Po dwie bramki dla "Niedźwiadków" zdobyli Jake DeBrusk i Taylor Hall, a po jednej dołożyli Brad Marchand oraz Tyler Bertuzzi. Dla Panthers trafili Matthew Tkachuk i Sam Bennett.
Bruins zwycięstwo zawdzięczają nie tylko strzelcom goli, ale również Linusowi Ullmarkowi. Szwedzki bramkarz zatrzymał aż 41 strzałów.
"Wiedzieliśmy, że od pierwszej minuty na nas ruszą. Dzięki Linusowi udało nam się przetrwać nawałnicę i przejść do ataku. Cały sezon gra świetnie. Nawet przy zamieszaniu pod naszą bramką jestem spokojny, bo on też jest" - powiedział trener Bruins Jim Montgomery.
Mecz numer pięć w środę w Bostonie.
3-1 prowadzi też ekipa Carolina Hurricanes, która minionej nocy pokonała w Nowym Jorku miejscowych Islanders 5:2.
Remisy 2-2 są natomiast w dwóch parach w Konferencji Zachodniej.
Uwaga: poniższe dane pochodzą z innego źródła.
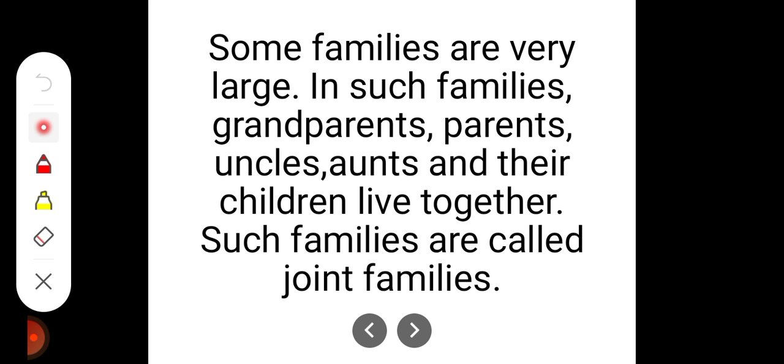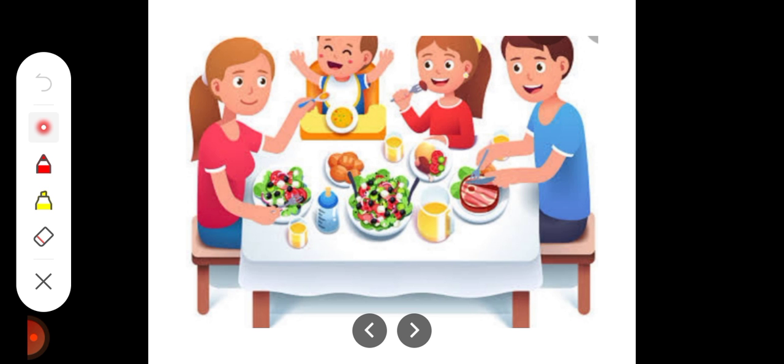Some families are very large. In such families, grandparents, parents, uncles, aunts and their children live together. Such families are called joint families.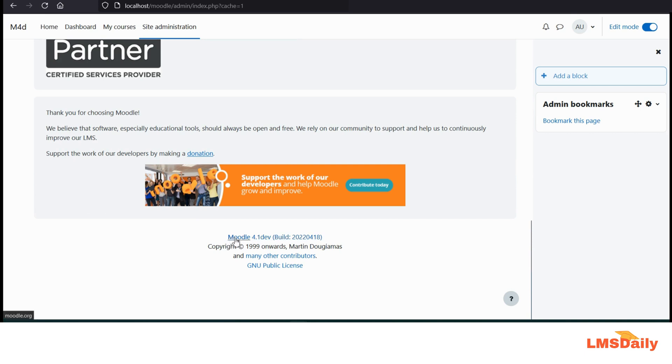So similarly, you can also check out your Moodle version running on your Moodle site. Thank you very much for watching.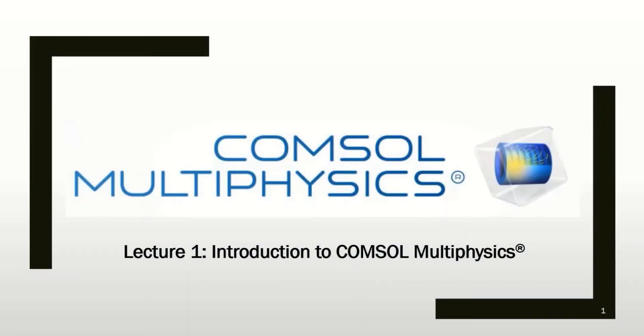Hello everyone! Welcome to COMSOL Multiphysics training course. In this course, I will teach you how to use the COMSOL Multiphysics software from the beginning level to the advanced level. In the first lecture, I will introduce you to the software, the features and applications, then we move to the environment of the software and see what's going on over there. So let's begin!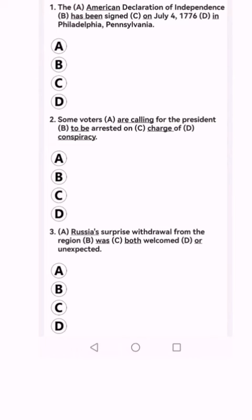This part of the TOEFL exam is called error identification. You basically have to find the error in the sentence, and that's the answer that you would put on your answer sheet in the TOEFL exam.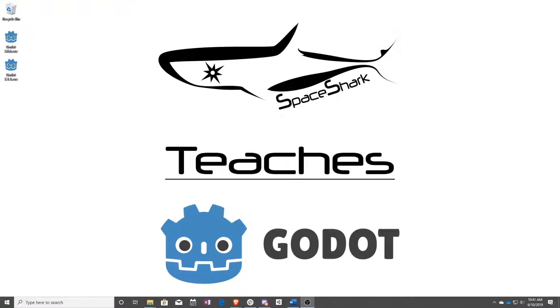Hello and welcome to Space Shark Teaches. I'm Sean from Space Shark Studios and I'm here to teach you visual scripting in Godot 3.1. Let's get started.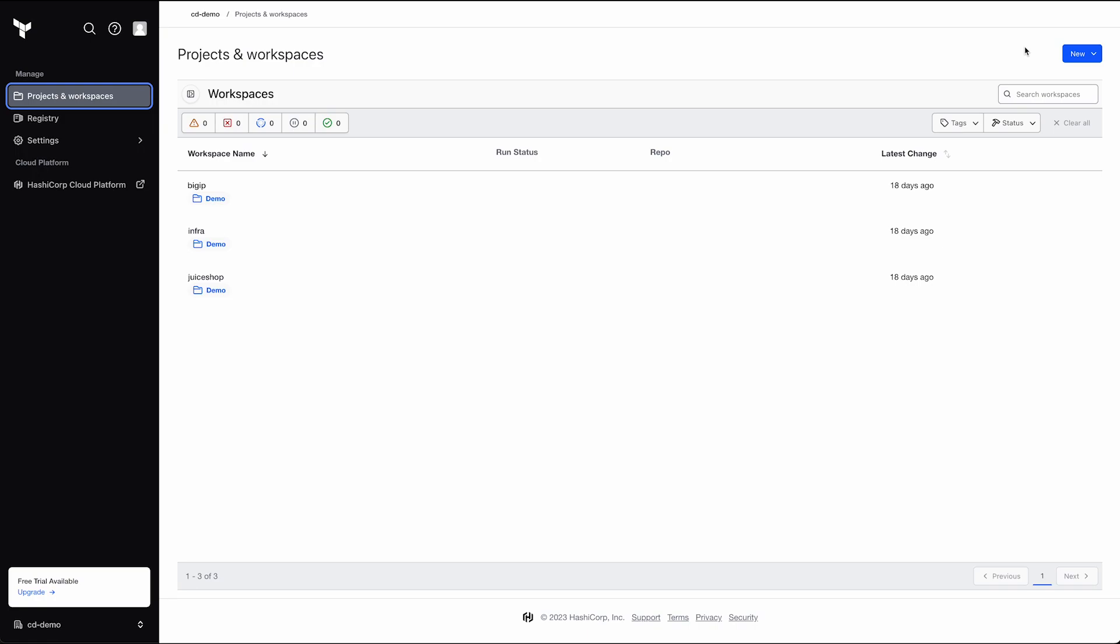To begin, we need to set up our environment. As I mentioned, we're using Terraform Cloud. This is so that we can share state between our Terraform runs. So let's go ahead and begin there.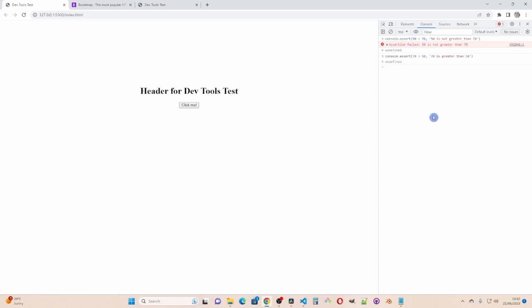In the first part of this tutorial on dev tools I've shown you how to use the elements tab to view and change the elements and styles. I went on to show you how to use console. There are lots of options in dev tools. I'm just going through the ones that I think are most useful.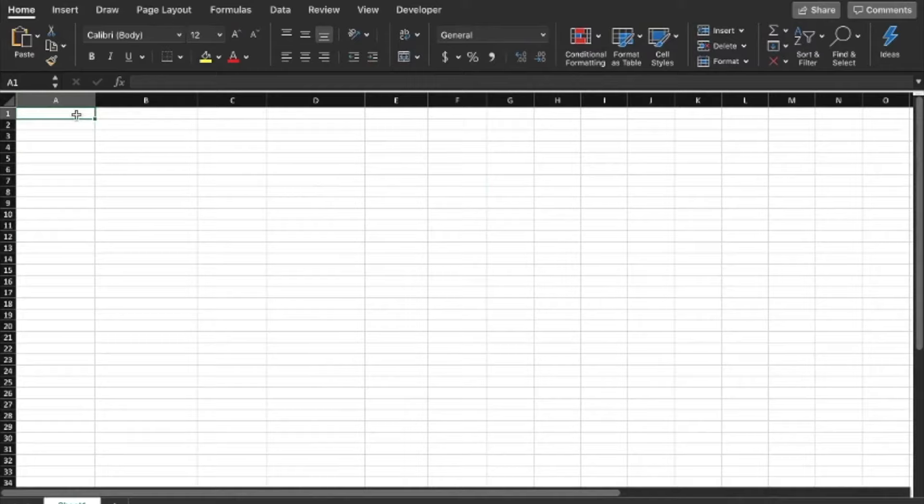In this video I'm going to show you how to link an Excel spreadsheet to a Word document so that you can pull data from Excel into Word.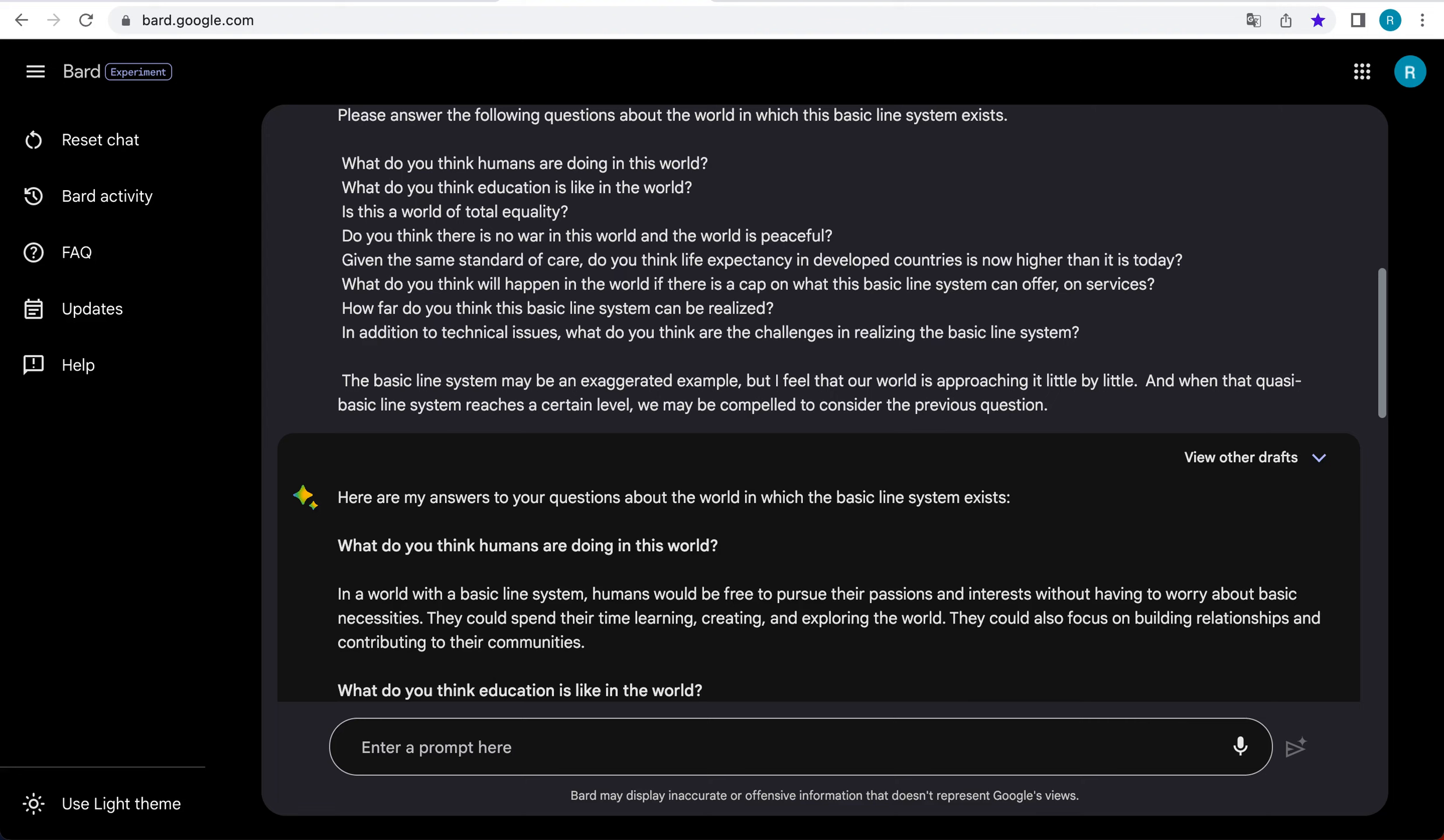Answer from Google Bard on basic line system. I asked a question about the basic line system to the trendy Google Bard. I would love to read the answer from Bard.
Hokeiści Dallas Stars wygrali na wyjeździe z Minnesota Wild 3:2, a Edmonton Oilers, także na lodowisku rywali, po dogrywce pokonali Los Angels Kings 5:4.
"Nafciarze" po pierwszej tercji przegrywali 0:3. W niej gole dla Kings zdobyli Gabriel Vilardi, Viktor Arvidsson i Anze Kopitar. Goście stratę odrobili w drugiej odsłonie za sprawą trafienia Evana Boucharda oraz dwóch goli Leona Draisaitla, który także asystował Bouchardowi.
Trzecia część gry zaczęła się od bramki Matta Roya dla Kings. Evander Kane wyrównał na 182 s przed końcem tercji, a w 11. minucie dogrywki zwycięstwo Oilers dał Zach Hyman.